» TASK INSTRUCTIONS: Please restate word for word the lines from the top of the entries through the line that contains "1st image of 447 Aspen Dr", and do not include any pictures.

» Captioned web image data:
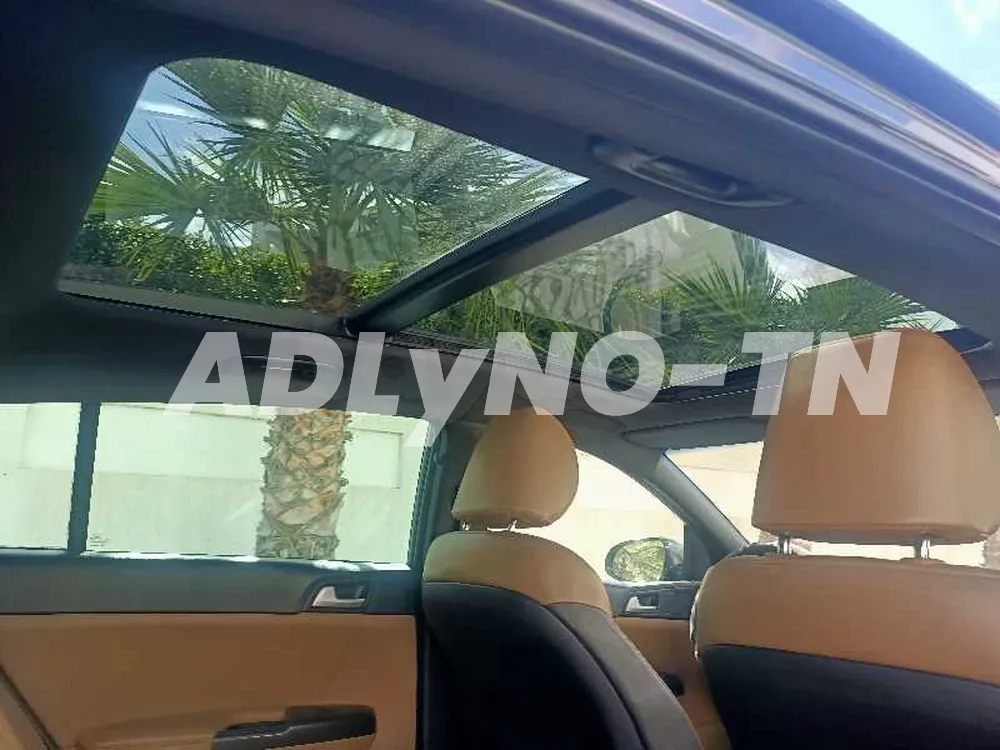 Kia Sportage BVA essence à Tunis - Photo 6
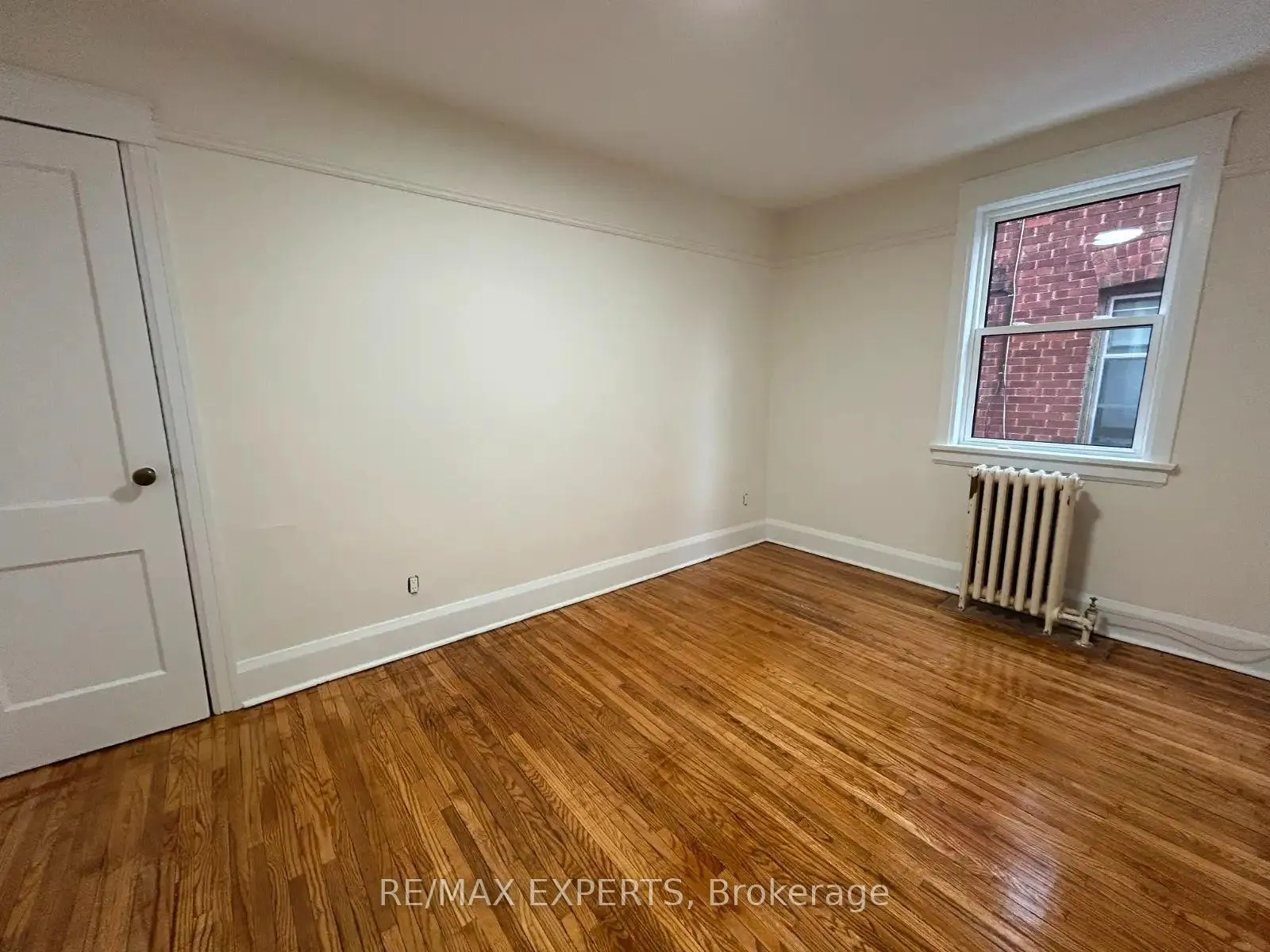 Photo 7 of Unit 2, 52 Scarboro Beach Boulevard, Toronto, The Beaches — HOMEH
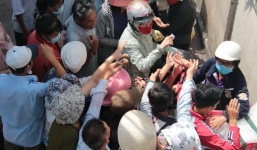 Hãi hùng cảnh tranh cướp cơm từ thiện tại bệnh viện Ung bướu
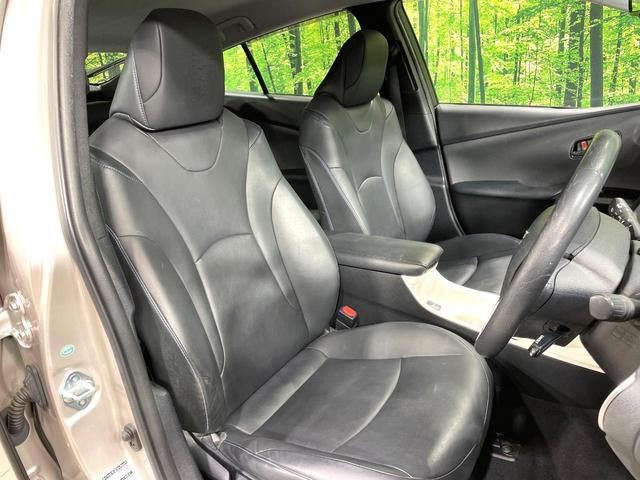 プリウス Ａツーリングセレクション　４ＷＤ　純正９インチナビ　バックカメラ　トヨタセーフティセンス　レーダークルーズ　禁煙車　合皮シート　シートヒーター　ドラレコ　コーナーセンサー　ＬＥＤヘッドライト　ＥＴＣ　オートマチックハイビーム（8枚目）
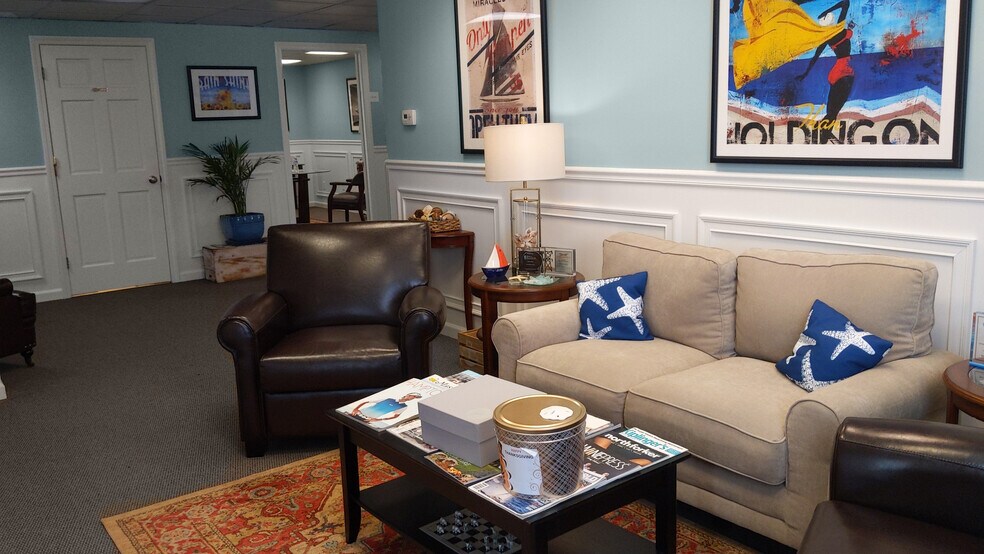 More Photos Of 149 Durham Rd, Madison Coworking Space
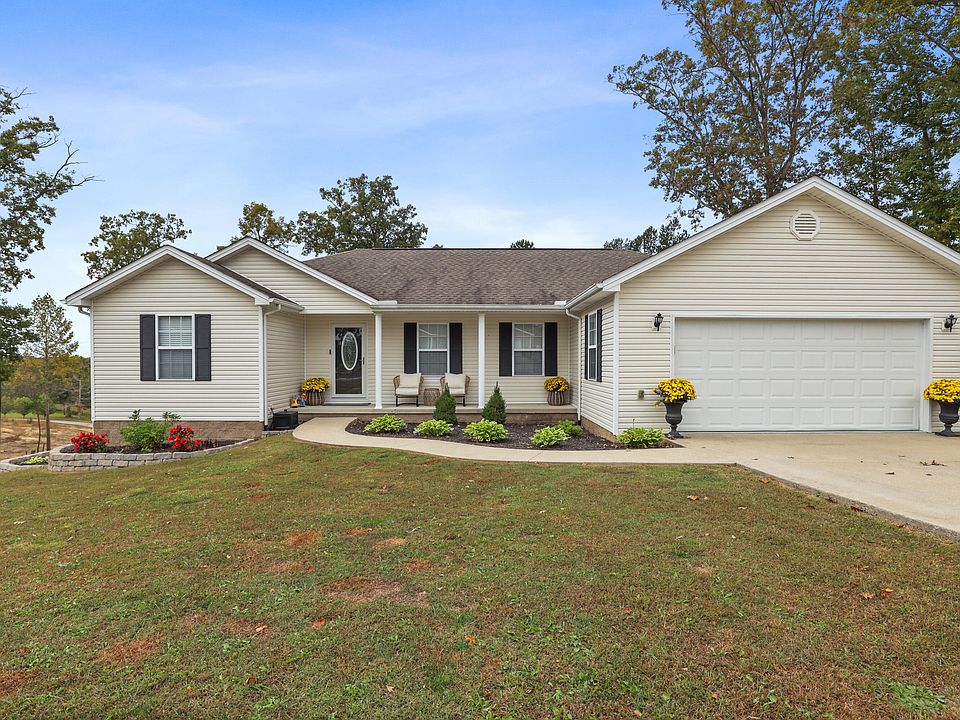 1st image of 447 Aspen Dr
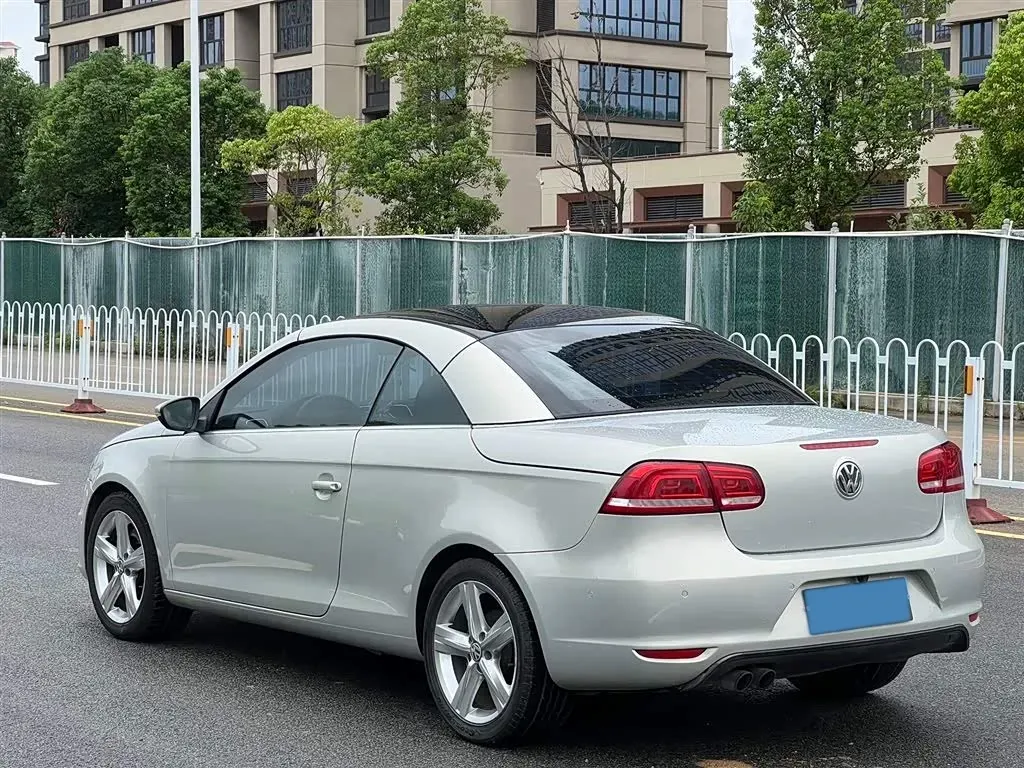 2010 Volkswagen Eos 2.0T 200HP L4 6DCT,autocango,china used car exporter,china ev exporter,chinese used car exporter,chinese used ev exporter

» TASK ANSWER:
 Kia Sportage BVA essence à Tunis - Photo 6
 Photo 7 of Unit 2, 52 Scarboro Beach Boulevard, Toronto, The Beaches — HOMEH
 Hãi hùng cảnh tranh cướp cơm từ thiện tại bệnh viện Ung bướu
 プリウス Ａツーリングセレクション　４ＷＤ　純正９インチナビ　バックカメラ　トヨタセーフティセンス　レーダークルーズ　禁煙車　合皮シート　シートヒーター　ドラレコ　コーナーセンサー　ＬＥＤヘッドライト　ＥＴＣ　オートマチックハイビーム（8枚目）
 More Photos Of 149 Durham Rd, Madison Coworking Space
 1st image of 447 Aspen Dr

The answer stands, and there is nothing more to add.